Limitations on making an automatic method change in the year of engaging in certain Section 381(a) transactions, in the final year of a trade or business, or if the taxpayer has changed its overall method of accounting or method of accounting for the same item in the last five tax years, do not apply to this change.
These provisions apply to method change requests filed on or after May 11, 2021, for a CFC’s tax year ending before January 1, 2024. An accounting method change request filed under the nonautomatic procedures that was pending on May 11, 2021, and that now is covered under the automatic procedures, optionally may be converted to an automatic request.
Rev. Proc. 2021-26 modifies the terms and conditions in Rev. Proc. 2015-13 for accounting method changes of a CFC. Most significantly, it provides generally that a Section 481(a) adjustment is taken into account in determining the CFC’s tested income or tested loss, as gross tested income for a positive adjustment and as a deduction properly allocable to gross tested income for a negative adjustment. These modifications apply to method change requests filed on or after May 11, 2021.
Taxpayers making accounting method changes under the automatic procedures generally receive audit protection for using an impermissible method in the tax years preceding the year of the accounting method change. However, a CFC does not receive audit protection for tax years before the requested year of change in which any of the CFC's corporate US shareholders computed an amount of foreign taxes deemed paid under Sections 902 and 960 that exceeded 150% of the average amount of foreign taxes deemed paid under Sections 902 and 960 in the shareholder's three prior tax years.
Rev. Proc. 2021-26 clarifies that the 150% threshold is based on the amount of foreign taxes deemed paid regardless of the extent to which a foreign tax credit is allowed.

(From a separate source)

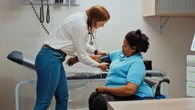 'Urgent' NHS cancer testing delays see Brits wait over a MONTH to get diagnosis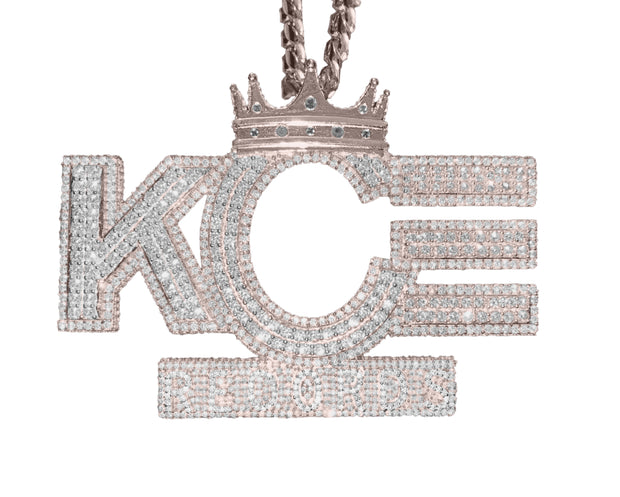King Cango Entertainment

Rev. Proc. 2021-26 clarifies the treatment of Section 481(a) adjustments for tested income/loss purposes for CFC method changes, which previously had been an area of uncertainty. CFCs should consider filing method changes to the ADS for computing income or E&P if necessary or beneficial, and should review the procedures to determine if they are eligible for audit protection when filing any method change for depreciation or other material items.